Indigenous language family of Argentina

The Wichí languages are an indigenous language family spoken by the Wichí in northwestern Argentina and far-southeastern Bolivia, part of the Matacoan family. They are also known as Mataco, Wichi, Wichí Lhamtés, Weenhayek, Noctenes, Matahuayo, Matako, Weʃwo. The name Mataco is common but pejorative.

== Status ==
Currently, the Argentine government does not have education in indigenous languages in schools. Because the Wichí have to be fluent in Spanish to access government services, and children are only educated in Spanish, Wichí children only speak Spanish among themselves. This has made all Wichí dialects vulnerable to extinction.

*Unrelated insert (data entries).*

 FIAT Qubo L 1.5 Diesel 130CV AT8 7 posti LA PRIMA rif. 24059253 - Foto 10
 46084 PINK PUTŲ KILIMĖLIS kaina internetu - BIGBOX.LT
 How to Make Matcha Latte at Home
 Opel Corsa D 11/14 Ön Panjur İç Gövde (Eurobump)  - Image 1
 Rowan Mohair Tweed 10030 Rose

In 2010, the province of Chaco in Argentina declared Wichí as one of four provincial official languages alongside Spanish and the indigenous Moqoit and Qom.

==Languages==
The Wichí languages include the following languages:
- Noktén ( Noctén, Wichí Lhamtés Nocten), spoken in Bolivia and Argentina
- Vejoz ( Vejo, Pilcomayo, Bermejo, Wichí Lhamtés Vejoz), spoken in Argentina and Bolivia
- Wiznay ( Güisnay, Wichí Lhamtés Güisnay), spoken in Argentina.

The Argentine National Institute of Statistics and Censuses (INDEC) gives a figure of 36,135 Wichí speakers in Argentina.

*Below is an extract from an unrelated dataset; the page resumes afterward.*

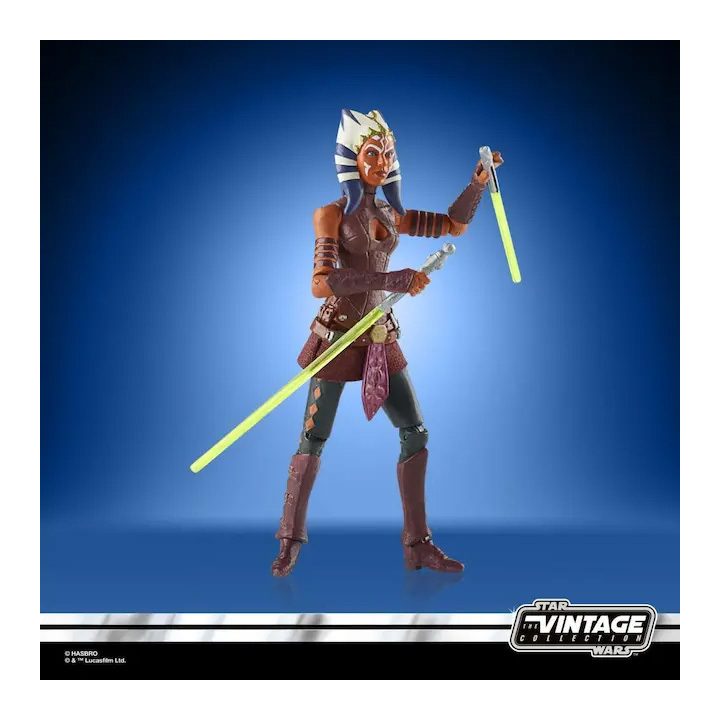 Star Wars Ahsoka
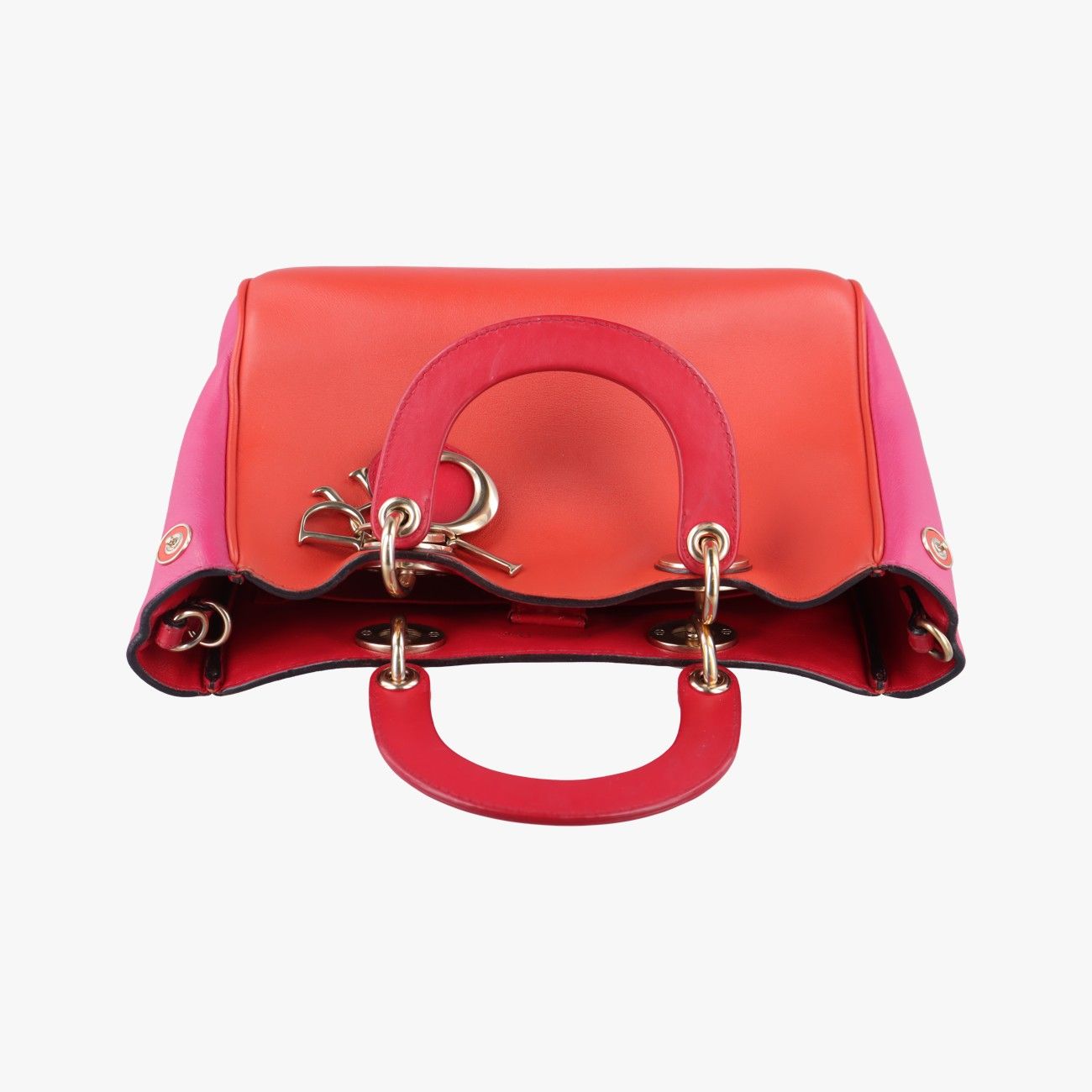 DIOR プリンセスリング　ピンクマジェスティ　未使用　保管品 DIOR プリンセスリング ピンクマジェスティ 未使用 保管品 DIOR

In Rosario, the third biggest city of Argentina, there is a community of about 10,000 Wichí people, all of them fluent in Wichí, and some native speakers. There are a couple of bilingual primary schools.

For Bolivia, Alvarsson estimated between 1,700 and 2,000 speakers in 1988; a census reported 1,912, and Díez Astete & Riester (1996) estimated between 2,300 and 2,600 Weenhayek in sixteen communities.

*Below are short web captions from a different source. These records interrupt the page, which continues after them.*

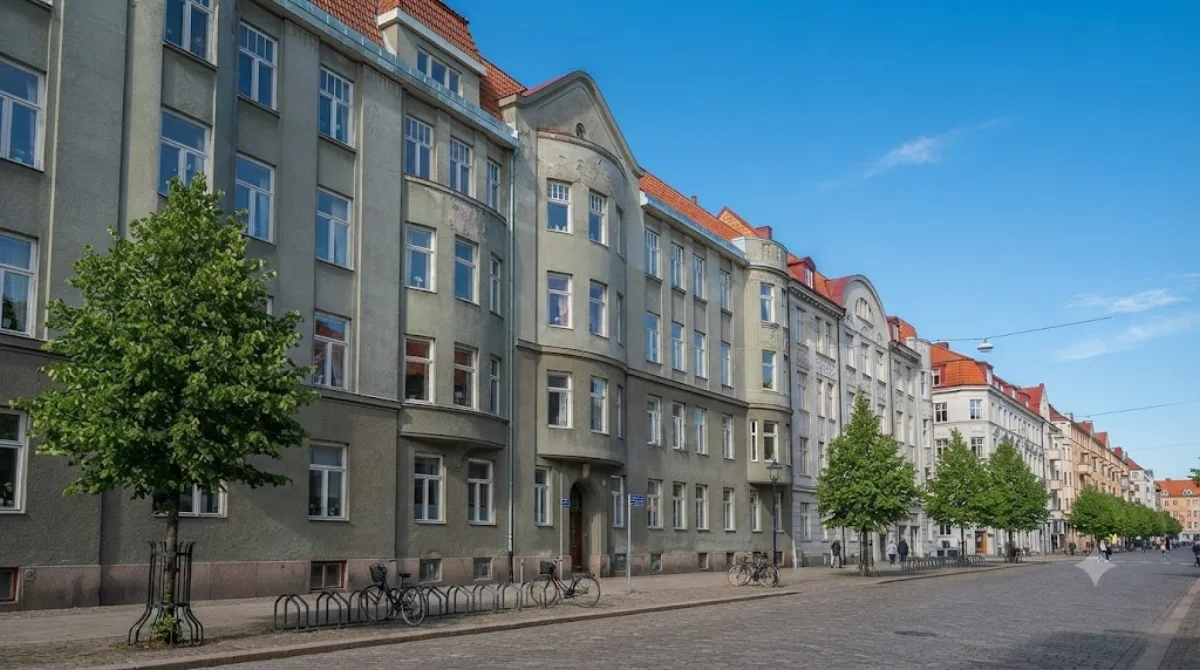 Rörsjöstaden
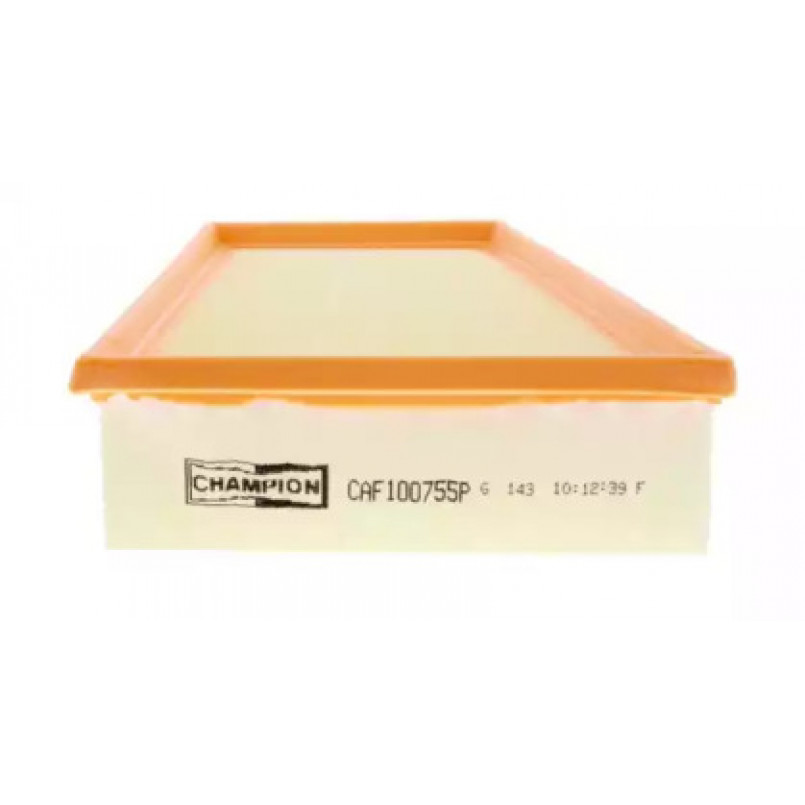 CAF100755P Champion Фільтр повітря — фото товара №3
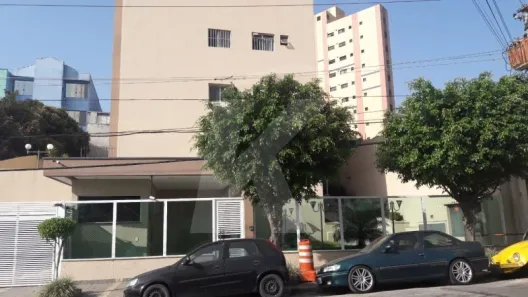 Apartamento com 2 Quartos para alugar, 70m² no Vila Gustavo, São Paulo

According to Najlis (1968) and Gordon (2005), three main dialects can be distinguished in the Wichí group: southwestern or Vejós (Wehwós), northeastern or Güisnay (Weenhayek) and northwestern or Nocten (Oktenay). Tovar (1981) and other authors claim the existence of only two dialects (northeastern and southwestern), while Braunstein (1992–3) identifies eleven ethnic subgroups.

Wichí languages are predominantly suffixing and polysynthetic; verbal words have between 2 and 15 morphemes. Alienable and inalienable possession is distinguished. The phonological inventory is large, with simple, glottalized and aspirated stops and sonorants. The number of vowels varies with dialect (five or six).